Accomplishing optimal removal under this circumstance would be easier, because we can take advantage of our knowledge of how things are sorted. Under either situation it is possible, and in fact both are identical, under this one the logic is just a little simpler to understand, because the ordering is more human friendly for the given scenario. In either case in-order is defined as "remove the farthest leaf first", in this case it just so happens to be that the farthest leaves are also the smallest numbers, a fact that we could take advantage of to make it even a little more optimal, but this fact is not necessarily true for the file system example presented(though it may be).

Question 3

I am not convinced that the number of B-tree rebalancing changes significantly if you delete the files in-order. However I do believe that the number of different seeks to external storage will be significantly smaller if you do this.
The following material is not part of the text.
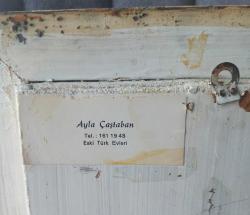 KARIŞIK TEKNİK 3 BOYUTLU AYLA ÇAŞTABAN 1990 İMZALI.  KONDİSYON YÜKSEK KOLEKSİYONLUK NADİR.  ESKİ TÜRK EVLERİ TEMALI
At any time, the only nodes in the B-tree that need be visited will then be the far right boundary of the tree, whereas, with a random order, each leaf block in the B tree is visited with equal probability for each file.

Question 4

Rebalancing for B-Trees are cheaper than B-Tree+ implementations that's why most filesystems and database indexes implementations use them.

There are many approaches when deletion, depending on the approach it can be more efficient in terms of time and the need to rebalance the tree. You'll also have to consider the size of the node, since the number of keys the node can store will affect the need for rebalancing the tree. A large node size will just reorder keys inside the node, but a small one probably will make the tree rebalance many times.

A great resource for understanding this is the famous CLR (Thomas Cormen) book "Introduction to Algorithms".

Question 5

On storage systems where hosting huge directories, the buffer cache will be under stress and buffers may get recycled. So, if you have deletes spaced apart by time, then the number of disk reads to get the btree back in core into the buffer cache, between deletes, may be high.

If you sort the files to be deleted, effectively you are delaying the deletes and bunching them. This may have the side effect of more deletes per block of btree paged in. If there are stats to say what the buffer cache hits are between the two experiments, it may tell if this hypo is wrong or not.

But, if there is no stress on the buffer cache during the deletes, then the btree blocks could stay in core and then my hypothesis is not a valid one.